Member of the National Assembly
- In office 28 April 2021 – 20 March 2025
- President: Hage Geingob
- Prime Minister: Saara Kuugongelwa

Personal details
- Born: January 7, 1999 (age 27) Namibia
- Party: SWAPO
- Alma mater: University of Namibia

= Patience Masua =

Namibian politician and activist

Patience Masua (born 7 January 1999) is a Namibian politician and lawyer. She served in the National Assembly after being appointed by president Hage Geingob in April 2021, becoming Namibia's youngest member of parliament. Previously, she was secretary general of Namibia National Students Organization and served in the UNAM SRC as student parliamentary speaker. Masua served her term until 20 March 2025 but was not reappointed by president Netumbo Nandi-Ndaitwah.

==Early life==
Masua was born in Gobabis, Omaheke, on 7 January 1999, after that, her family moved to Windhoek. She attended pre and primary school at Kleine Professor College. She finished primary school at Suiderhof Primary School and proceeded to complete her high school at Delta Secondary School Windhoek where she served as deputy head girl in the Learners Representative Council.

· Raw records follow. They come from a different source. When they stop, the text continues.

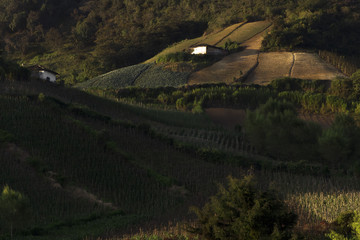 two cabins between the mountains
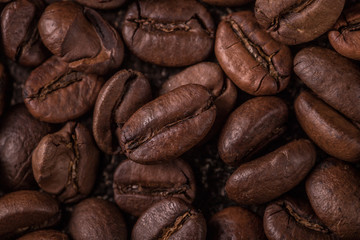 Coffee beans  on stone background. Top view with copy space for your text. Roasted coffee beans background. Beans texture, macro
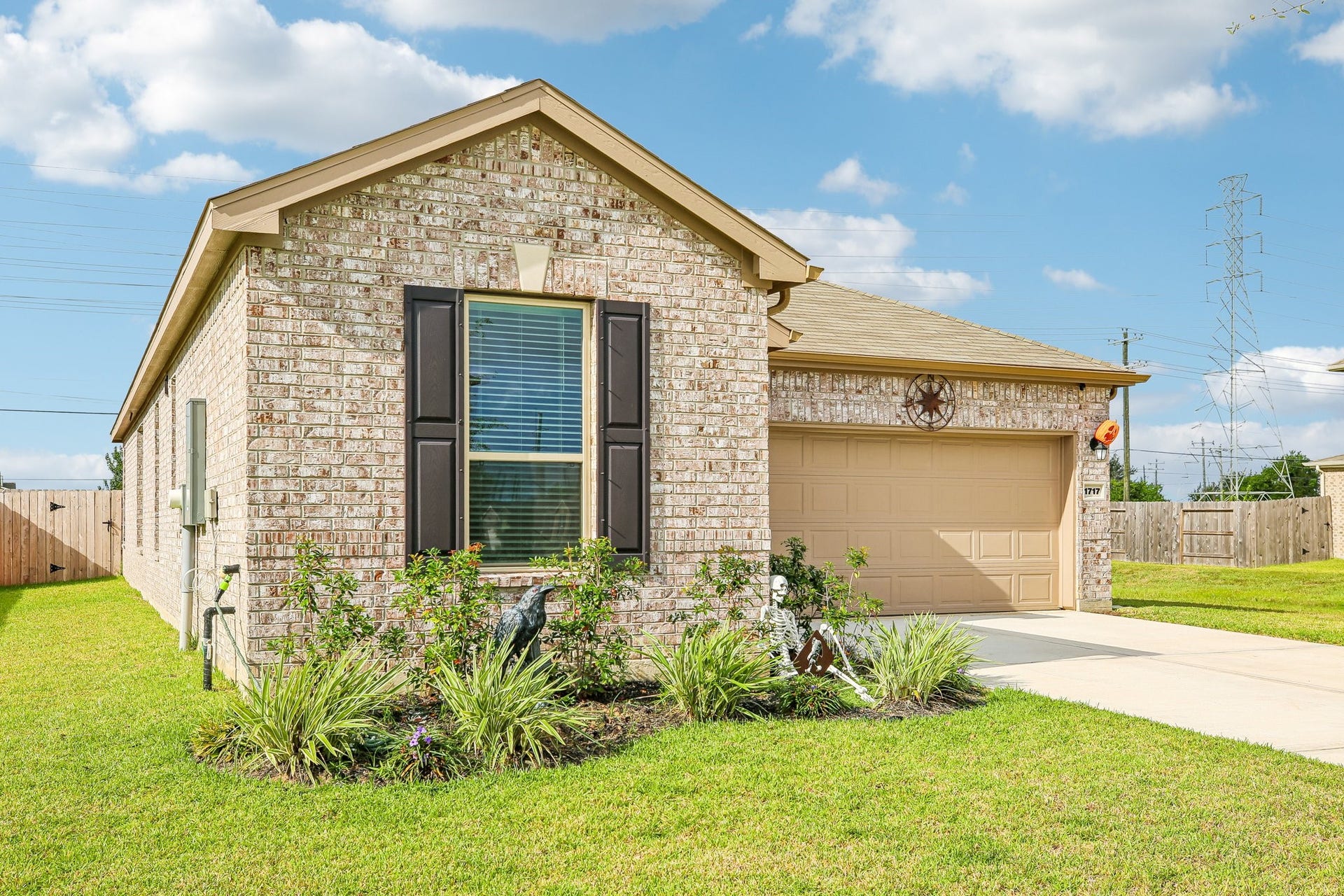 1717 Vista Luna Drive, Texas City, TX 77591 Neutral three-sided brick exterior.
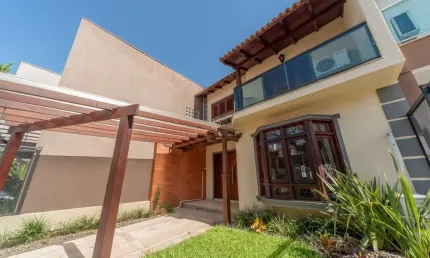 Casa com 3 quartos à venda na Rua Roberto Santini, --, Hípica, Porto Alegre por R$ 650.000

==Student politics and activism==
Masua entered mainstream student politics and activism in university, primarily through her newspaper opinion pieces and then serving in the student union as faculty representative for the University of Namibia Faculty of Law. Later she ran for the position of speaker of student parliament of the UNAM SRC and won it in 2019. Thereafter she served as secretary general for the Namibia National Students Organisation (NANSO).

== Community Work ==
In 2021, Masua founded the Patience Masua Foundation Africa (PMF Africa).